When humans, ruled by the Chinese market, started destroying elephants for trinkets, I thought that we are going to lose a central reason for being on this Earth. We are mad as a species. If we cannot save elephants we cannot save anything, including ourselves. Nor will we want to be here. We are still very close to the point of no return. This is the decade of reckoning where we have to want to be on this planet, not as passive observers and consumers but as active participants of a miracle. How could we dare to look for microbes on Mars when we are obliterating the elephants and whales and everything in between? The Native people never destroyed their world for fun, for entertainment, for luxury items. The Europeans, the Americans, as Lysander says at six, “kill to decorate their houses. It’s not important to decorate your house, the important thing is to live.” At eight he quoted the golden rule of Christ in front of the UN during the global March for Elephants initiated by Dame Daphne when he said,” Don’t do to elephants what you don’t want them to do to you!”
If we could hear the message of our time, it is that the entire spectrum of life from elephants to dung beetles is on the chopping block. We have this decade to turn things around. Video games don’t bring you closer to nature and in a time when people are thinking of ways to download their memories into computers, we can say we had better wake up. Animals whom we have abused, and mutilated for countless millennia have wreaked their revenge with the virus. We now know we need much greater humility before Nature. The film is meant as a prayer to the life force but also a visual torch to what is ultimately our reason to be here. To nurture wonder, life, children and the other life forms.
Some of the most fundamental voices in “Walking Thunder” are women. The Samburu women whose tribe have a bond with elephants like no other. The women in Namibia who say elephants are their television, may not be Indigenous but they daily see elephants coming to drink at the cistern every day and talk to the elephants, “They understand our language.” The elephants are companions in ways we will never fully know, in mind and spirit and this is what we were aiming for in a film that really took us the entire century to realize.

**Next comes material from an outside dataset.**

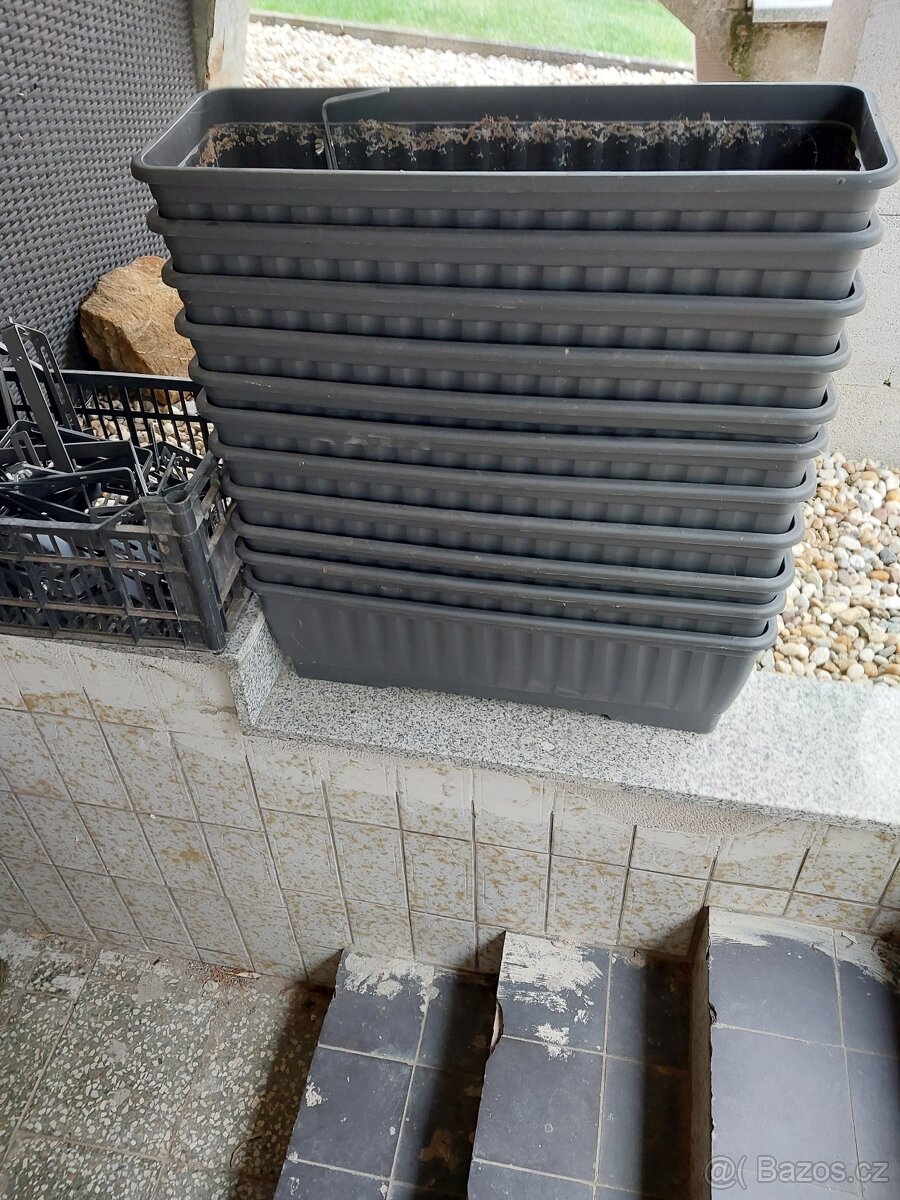 Plastové truhlíky - 2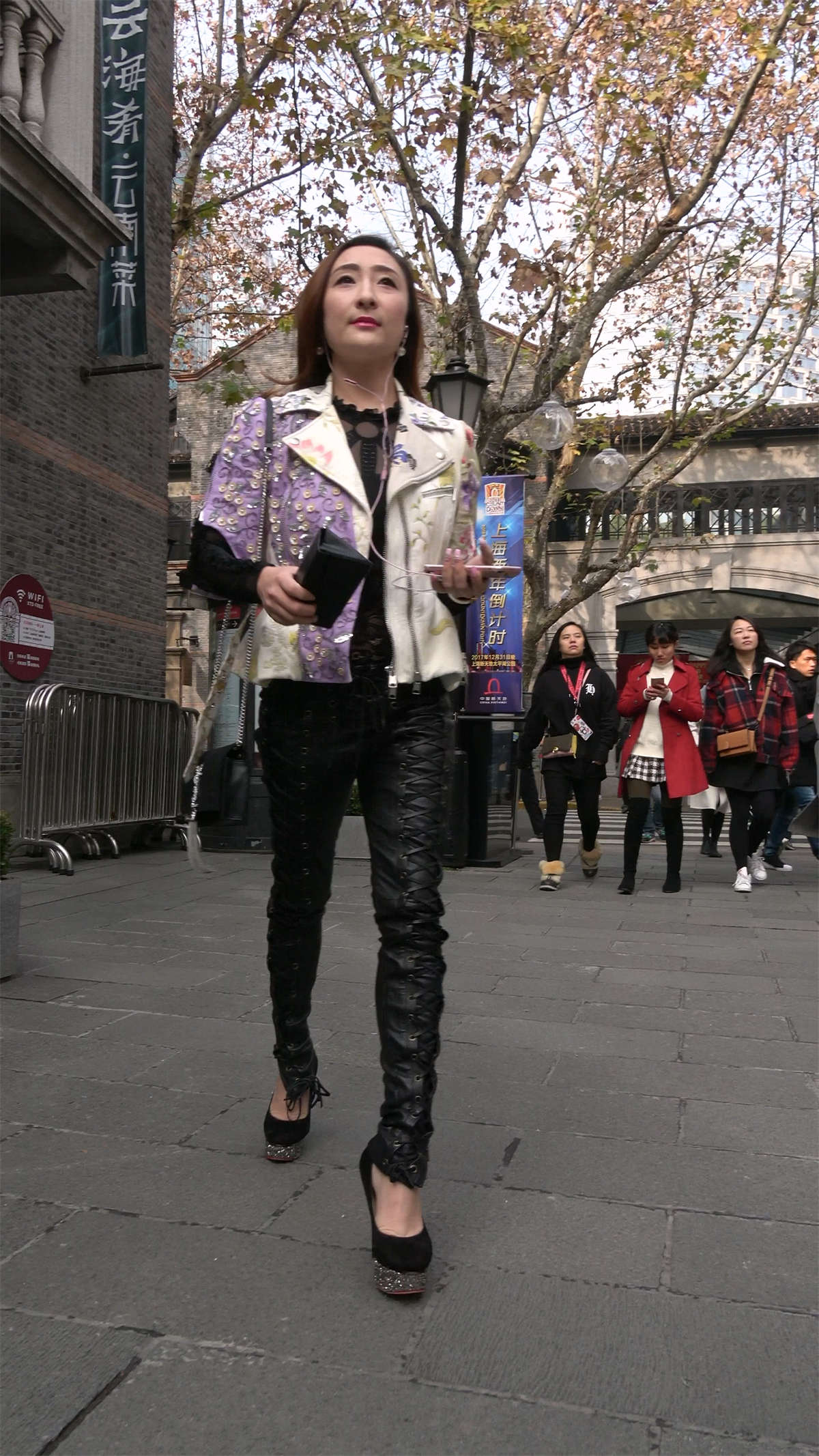 性感长腿街拍皮裤高跟御姐美女-日更街拍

Whether it is a political movement, a film seen through the eyes of a child, a family’s journey, or the imponderable conscience and weight of the elephant to existence itself, “Walking Thunder” is a journey that even moved Jane Goodall, who knows a few things about life. But films cannot just bear witness. Ideally they should remind the human spirit to fight and aspire for life and justice. Whether it is women who lost their lives to radium hiding behind a big lie, which all Americans have had to absorb of late, or the lie that we are superior to the other animals on Earth, now is the time to act to save what remains of the world's species. For without the others, we are all lost, and civilization will quite simply come to an end. Women have known that for millennia.
One prophetic voice did understand that justice or injustice applied not only to humans but also to animals was Martin Luther King, Jr. That is why his words were chosen at the end of “Walking Thunder,” to remind us of the other beings of Earth, not just the elephant, but all animals. For without them we cease to be human.
One day the absurdity of the almost universal human belief in the slavery of other animals will be palpable. We shall then have discovered our souls and become worthier of sharing this planet with them.